Este aliás é o ponto de maior controvérsia no que concerne à aplicação do CDC às atividades bancárias. A doutrina ainda não se assentou, e muito menos a jurisprudência, sobre como tratar as operações bancárias fundamentais ativas. Como se depreende da argumentação anteriormente exposta, o melhor entendimento é aquele que aceita a incidência do CDC, desde que o consumidor não utilize o crédito como insumo para atividade lucrativa outra (pois na verdade caracterizar-se-ia intermediação). Entretanto, se o consumidor é o destinatário final desse crédito, no sentido de que não o utilizará para criar ainda mais crédito, é pacífica e indubitável sua abrangência pelo CDC. Até porque, não há critério lógico ou legal para o descriminação entre as operações ativas e passivas, ambas merecedoras da proteção consumerista.

Newton de Lucca ensina que a origem do CDC está muito ligada aos abusos cometidos pela instituições financeiras contra seus clientes. Para o ilustre Professor não se pode, através da interpretação, chegar-se a um absurdo. Aceitar que o CDC não se aplica aos Bancos permitir-lhes-ia a veiculação de propaganda enganosa, utilização de cláusulas abusivas, etc. sem qualquer tipo de sanção.

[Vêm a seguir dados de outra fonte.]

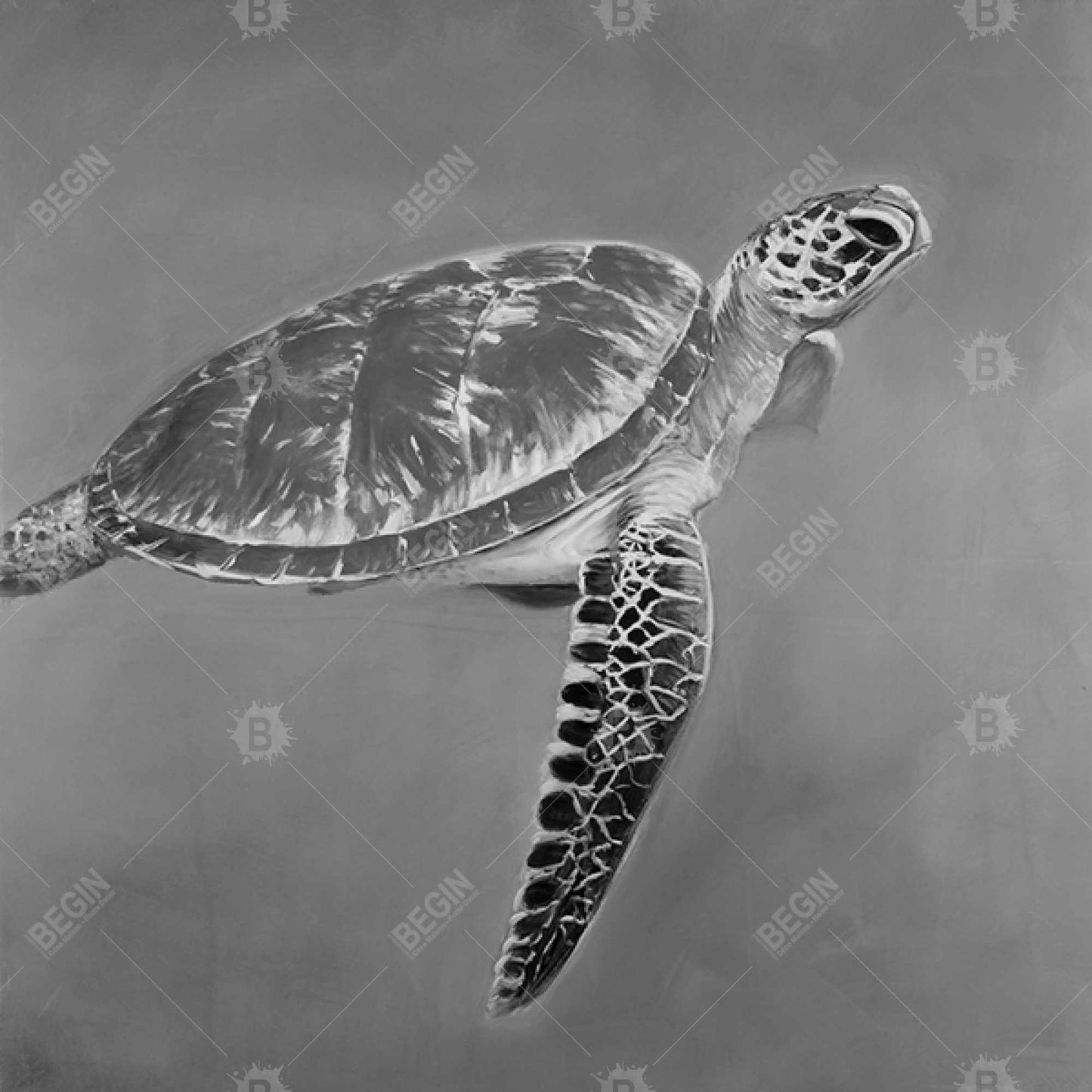 Toile Tortue aquatique en nuances de gris | Décoration d'intérieur avec cadre blanc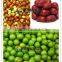 Spray Type Fruit/Melons/Vegetable Washing Machine With Roller Brushes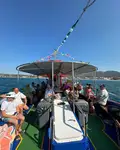 Submarino à venda
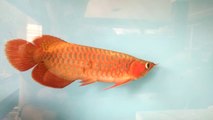 Super Red Arowana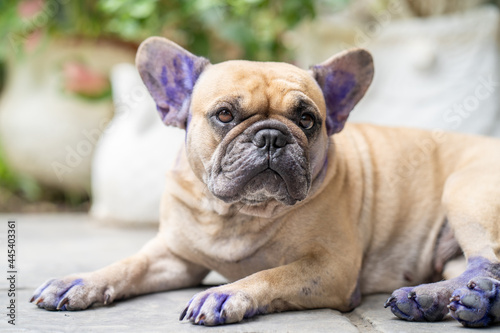 Dog with symptoms of skin disease applied with Gentian Violet to ears and toe of the dog.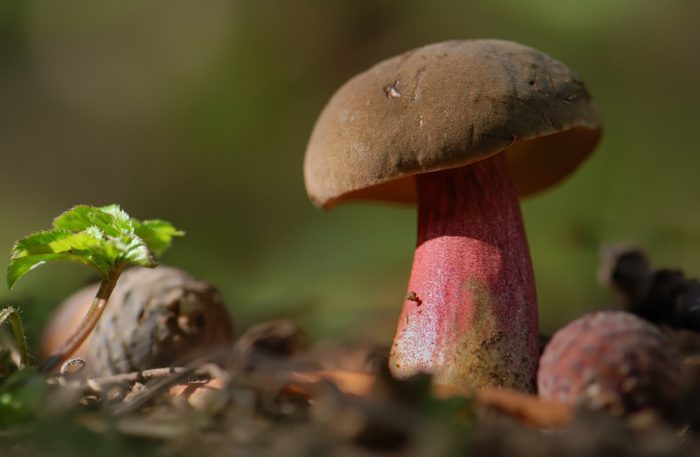 Гриб дубовик (Boletus): информация, где растет, виды, фото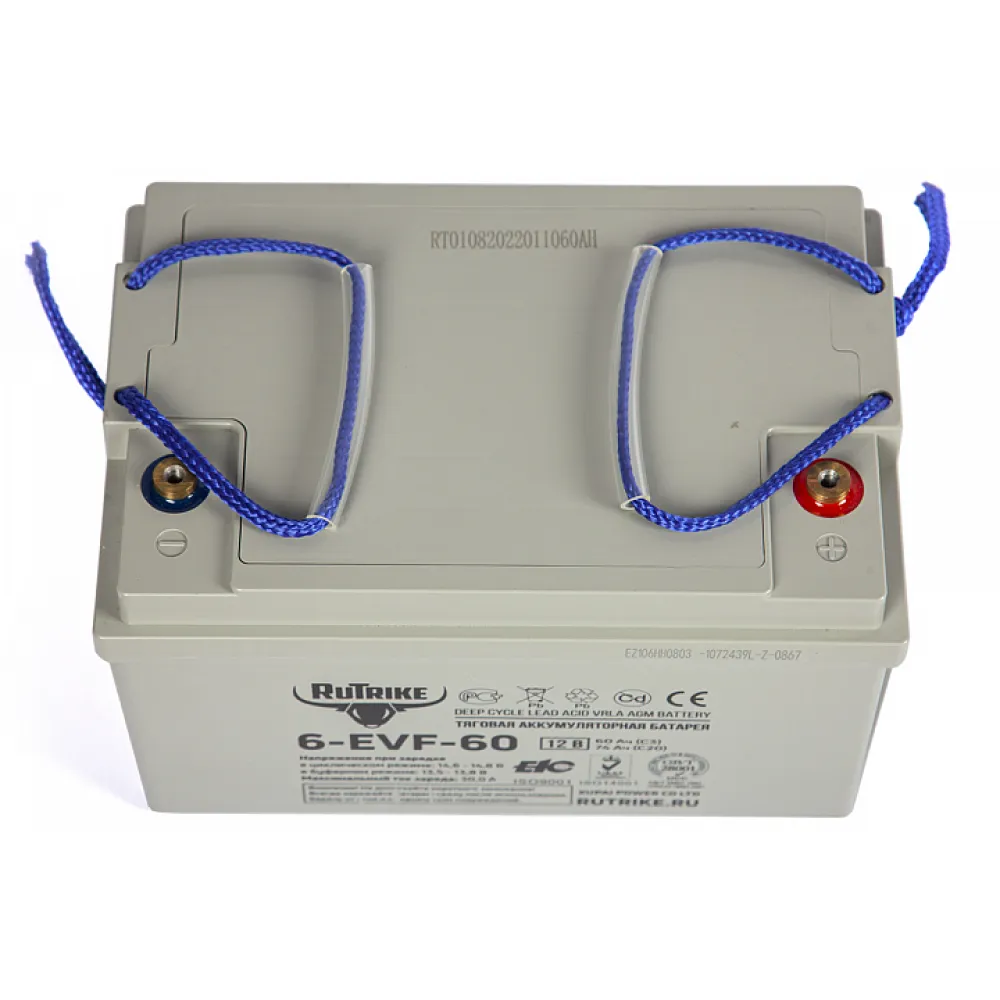 Тяговый аккумулятор RuTrike 6-EVF-60 (12V60A/H C3) 5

Concluindo com a clareza ímpar de Cláudia Lima Marques, podemos afirmar que: "A caracterização do banco ou instituição financeira como fornecedor está positivada no art. 3º, caput do CDC e especialmente no § 2º do referido artigo, o qual menciona expressamente como serviços as atividades de ‘natureza bancária, financeira, de crédito’." E mais adiante: "A caracterização do banco ou instituição financeira como fornecedor sob a incidência do CDC, é hoje pacífica." (11) A mestre gaúcha acrescenta ainda: "O CDC rege as operações bancárias, inclusive as de mútuo ou de abertura de crédito, pois relações de consumo.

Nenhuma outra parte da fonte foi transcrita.